Eligibility: Full-time UNO undergraduate and graduate students
Application Deadline: Applications are accepted from faculty on September 15th of the fall semester and February 1st the following spring semester. Late applications will not be considered.
Proposal Guidelines: All applications must include two pages description of the projects. Incomplete applications will not be considered. The project description should:
- Have the student's name (if not taken, write status: available)
- Include the project's start and end dates
- Include the title of the project
- Include an abstract (less than 100 words)
- Include the purpose(s) of the project (i.e. the questions/issues to be addressed by the project)
- Include a timetable (Provide a timetable for completing the work entailed in the project)
- Duration: Either from September 15th or February 1st to June 30th
- All students must work with a faculty mentor. The student's faculty mentor must commit to supporting and advising the applicant throughout the research project.
- Each student must submit a final report no later than June 30th containing results of what was accomplished, and a list of papers and/or publications that directly or indirectly result from the grant; otherwise the student will receive no funding.
- Incomplete projects will receive no funding. The mentor is responsible for the completion of the project.
- A student cannot participate on more than one project per year.
- A student cannot participate on more than three projects during their time at UNO.
- Project's will be accepted on a first come, first served basis until February 1st.
- Each faculty mentor may propose up to two projects per year, however only the first will be accepted on a first come, first served basis. The second will be held until February 1st and accepted on that date if there is funding still available.

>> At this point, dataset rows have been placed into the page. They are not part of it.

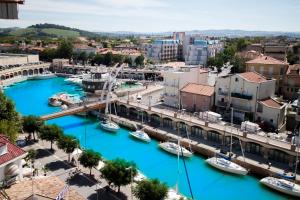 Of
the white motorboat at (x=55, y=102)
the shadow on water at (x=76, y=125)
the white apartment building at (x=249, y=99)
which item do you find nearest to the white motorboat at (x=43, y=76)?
the white motorboat at (x=55, y=102)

- Students must be recruited by March 1st. No student will be accepted to a project after this deadline and all unclaimed proposals will be removed on that date.
- In order to be eligible for a Kerrigan minigrant the student must be registered for at least 6 hours if an undergraduate, and 3 hours if a graduate student.
- The minigrant cannot be work that is also counting for an independent study, thesis, or masters project. However, the minigrant may be used to develop an initial idea that will later be developed into a thesis.
Each December a group of undergraduate UNO students participate in the William Lowell Putnam Mathematical Competition.
Interested students are encouraged to stop by 208 DSC from 12:00 PM - 1:30 PM any Friday during the fall, when the Putnam Study Group meets, and try some Putnam caliber problems.
Please contact Dr. Griff Elder for more information.
Nicknamed the "Half-Putnam," this is a local, problem solving contest, imitating at a lower level the prestigious Putnam Competition. It is organized during the spring semester, on the first Saturday of March.EligibilityUNO undergraduate students who registered for it by the announced deadline.
The Calculus Bee is a contest for students currently enrolled in Calculus I at UNO. It takes place towards the end of each fall and spring semester. The Bee consists of two rounds. The first round is a written test open to all Calculus I student. The top 20 finalists from the written round will take part in the Countdown Round, a head-to-head speed round to determine UNO's top driver.